Whenever a picture appears, leave it out while repeating all the other data exactly.

» Image-text web data
--------------------

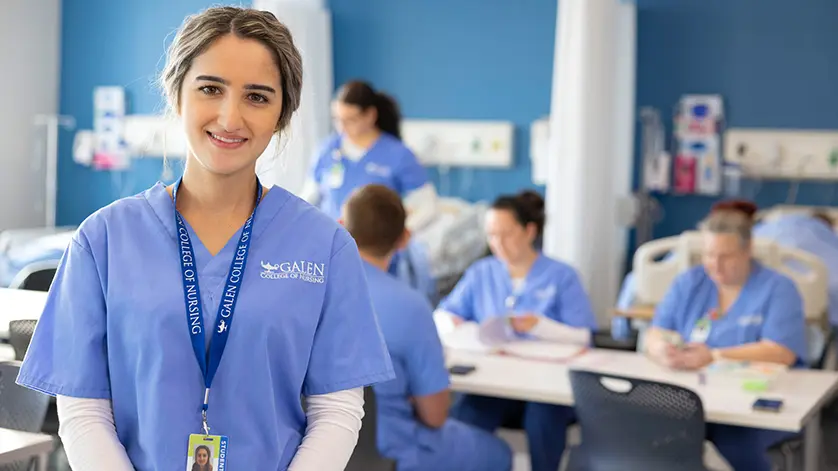 Female nursing student smiling at camera with simulation lab activities happening behind her.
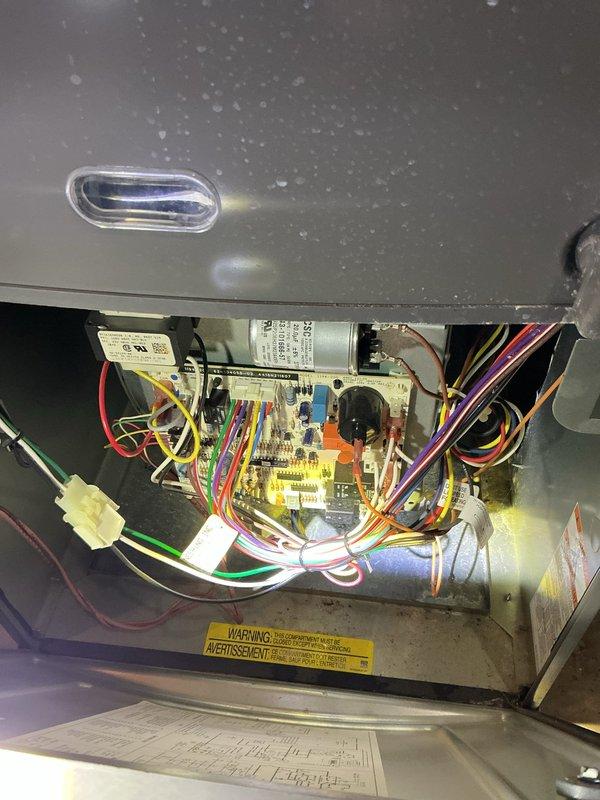 Responded to no cooling call on 9-year-old residential air conditioning system. Upon arrival, accessed indoor unit control panel and outdoor condensing unit to diagnose complete system failure that occurred overnight. Inspected electrical components, circuit board, wiring connections, and capacitor within furnace compartment. Evaluated outdoor condenser unit including fan motor and compressor operation. Identified failed component causing system shutdown. Replaced defective part, restored power to unit, and verified proper system operation with adequate airflow and cooling capacity restored to entire home.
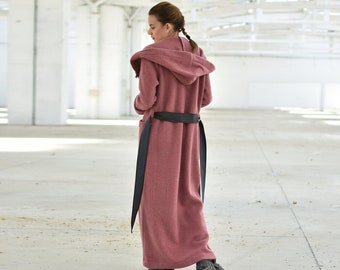 May include: A long, pink hooded coat with a black belt. The coat is made of a soft, fuzzy material and has a relaxed fit.
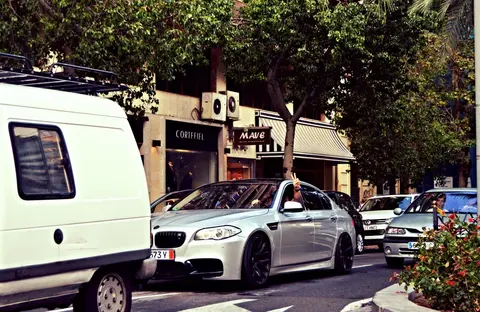 A BMW M5 of the F10 generation photographed outdoors, the first turbocharged car to wear the M5 badge.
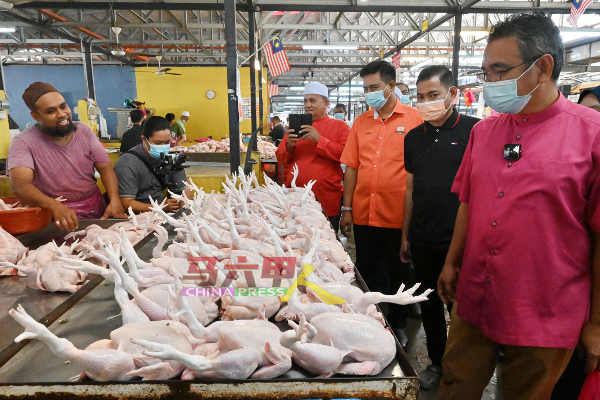 阿德里（右）到峇章大巴刹鸡肉摊，询问肉鸡供应及销量。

--------------------

» Reply
 Female nursing student smiling at camera with simulation lab activities happening behind her.
 Responded to no cooling call on 9-year-old residential air conditioning system. Upon arrival, accessed indoor unit control panel and outdoor condensing unit to diagnose complete system failure that occurred overnight. Inspected electrical components, circuit board, wiring connections, and capacitor within furnace compartment. Evaluated outdoor condenser unit including fan motor and compressor operation. Identified failed component causing system shutdown. Replaced defective part, restored power to unit, and verified proper system operation with adequate airflow and cooling capacity restored to entire home.
 May include: A long, pink hooded coat with a black belt. The coat is made of a soft, fuzzy material and has a relaxed fit.
 A BMW M5 of the F10 generation photographed outdoors, the first turbocharged car to wear the M5 badge.
 阿德里（右）到峇章大巴刹鸡肉摊，询问肉鸡供应及销量。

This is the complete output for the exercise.